Speaking of which, haircut was already there. Eh? Haircut, you know: “US informal: a reduction in the stated value of an asset”.
That’s one of the terms you need to understand to follow the argument in a new OECD Working Paper on the stress tests 84 European banks passed so brilliantly in July.
Adrian Blundell-Wignall, Special Adviser to the OECD Secretary-General on financial markets, and his colleague Patrick Slovik point out that the tests only considered “trading book” exposures to sovereign debt, while over 80% of exposure is on the “banking book”.
The trading book consists of the securities a bank buys and sells regularly, even daily, while the banking book contains the products the bank would normally hold on to until they matured, including the bonds used to finance sovereign debt.
For the trading book, the haircut is around €26 bn in the stress tests. No haircut was applied to the banking book, on the grounds a default would be virtually impossible over the two-year period considered. The tests also assumed there would be no bank failures.
Blundell-Wignall and Slovik argue that these two assumptions help to explain why despite the encouraging test results (only 7 banks failed) equity markets are still performing poorly, bond spreads remain high, and banks are still reluctant to lend.
If a bank fails, it cannot hold on to the longer-term assets on its banking book, which would have to be sold for whatever they are worth on the day, even at a loss, and in fact there would be no difference between the trading and banking books. In other words, shifts in the market value of sovereign debt do matter, unless you assume that the stress-tested banks never fail.

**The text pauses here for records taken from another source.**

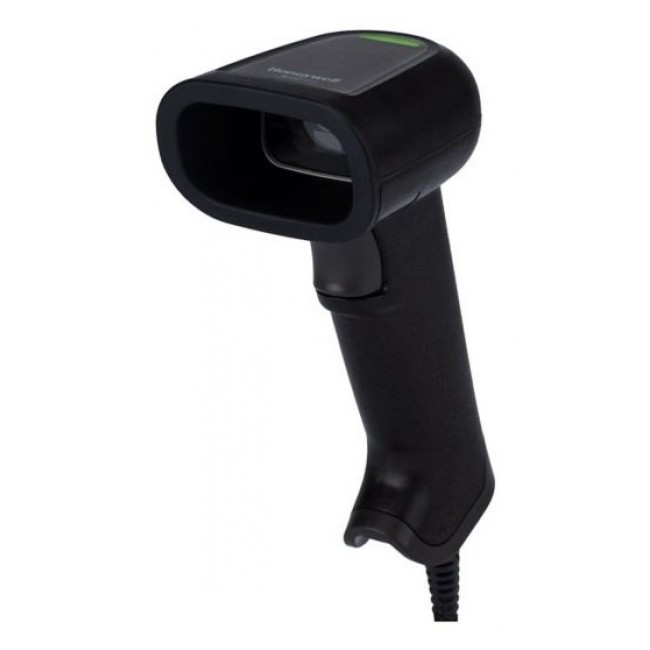 Honeywell 1960GHD-2USB-R barcode reader Handheld bar code reader 1D/2D LED Black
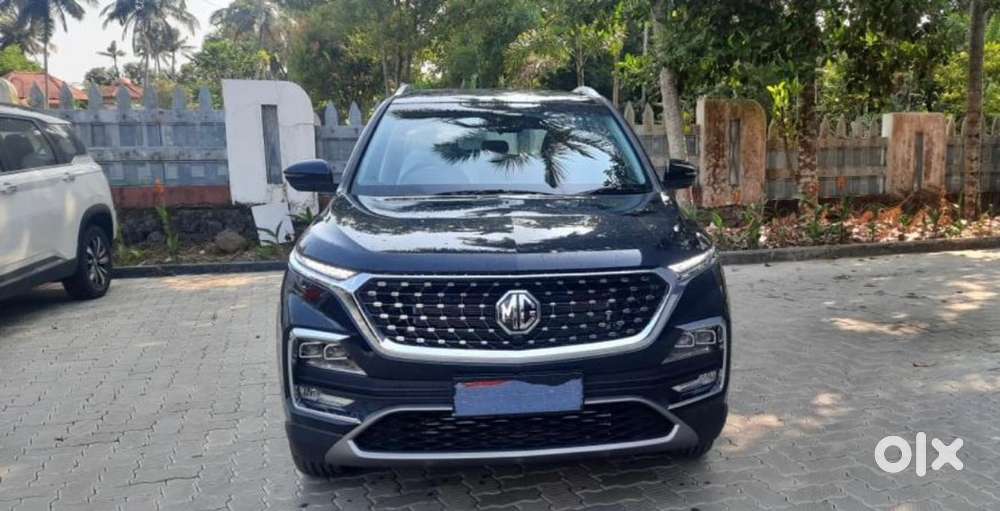 Mg Hector 2022 Petrol Well Maintained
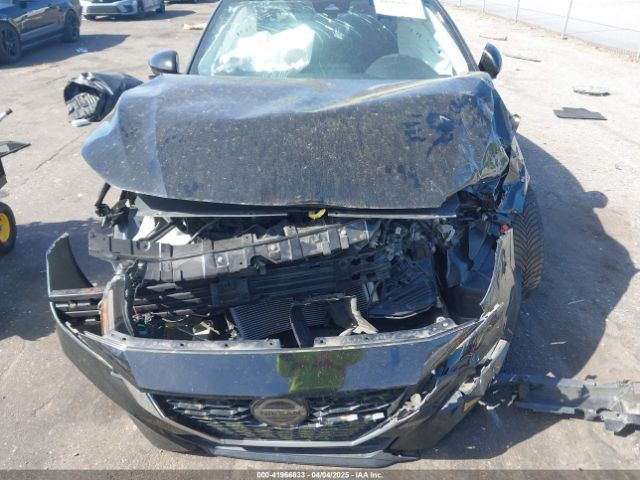 3N1AB8BV6MY231022 Nissan Sentra S Xtronic Cvt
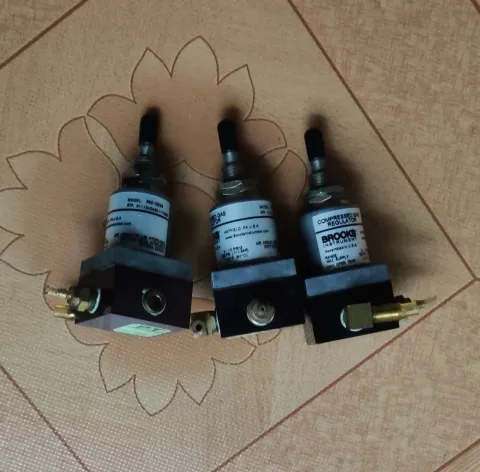 Brooks Instrument 8601DZ05 Industrial Automation Component product photo 1
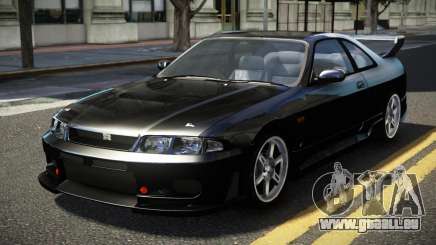 Nissan Skyline R33 XS V1.0 für GTA 4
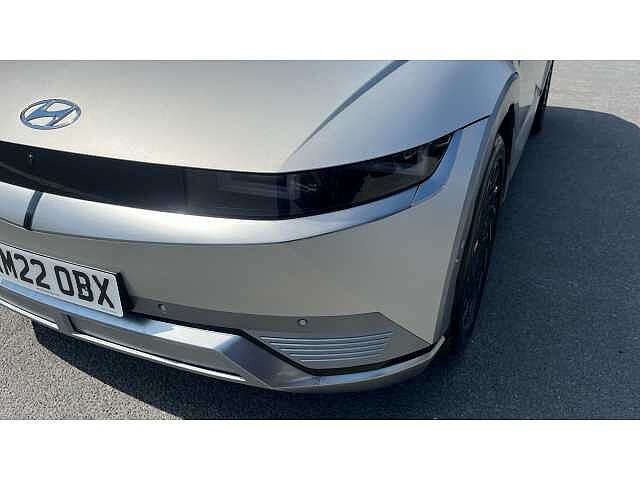 Hyundai Ioniq 5 IONIQ 5 160kW Ultimate 73 kWh 5dr Auto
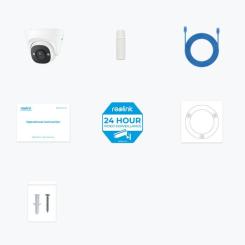 Камера видеонаблюдения Reolink P324 (2.8) Фото 11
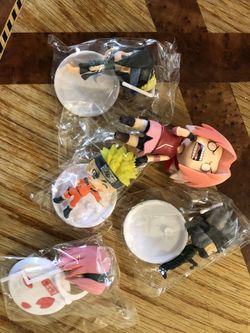 Naruto Figurines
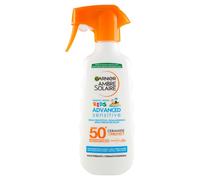 Garnier ambre solaire kids advanced sensitive ceramide 50+ 270ml spray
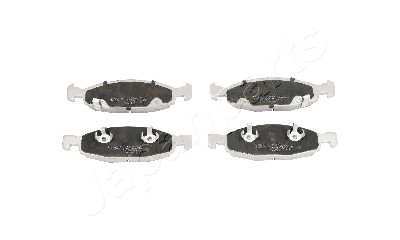 Jeu de plaquettes de frein JAPANPARTS JAPPA-097AF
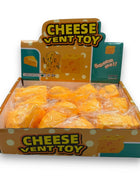 Cheese Vent Toy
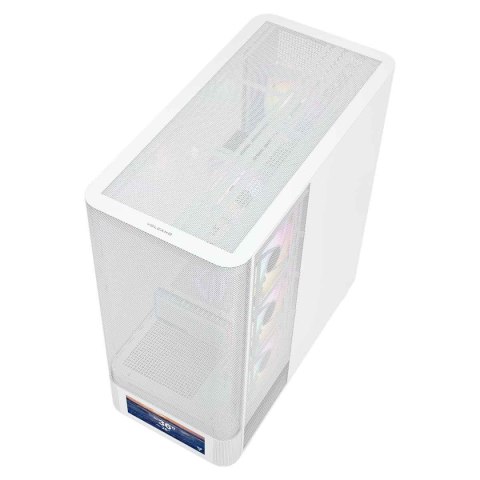 MODECOM VOLCANO AQ500 ARGB MIDI BIAŁA OBUDOWA KOMPUTEROWA MODECOM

That’s a brave, or foolish, assumption in light of what we’ve seen since the crisis broke, but the assumption of no sovereign default over the next two years seems reasonable, given the €720 bn European Financial Stability Facility (EFSF) agreed earlier this year.
The EFSF could more than cover all the funding needs of the most exposed countries, even in the highly unlikely case that no securities could be sold on the open market.
So why are ratings agencies like Moody’s worried about the sovereign debt of even the US, Germany, France and the UK, countries they consider “well-positioned at AAA” in their latest figures?
They’re not worried about the next couple of years, but many analysts foresee problems in reforming labour and pension markets to ensure sustainable growth before the stimulus packages run out. In the medium-term, budget restraints will make these reforms more difficult.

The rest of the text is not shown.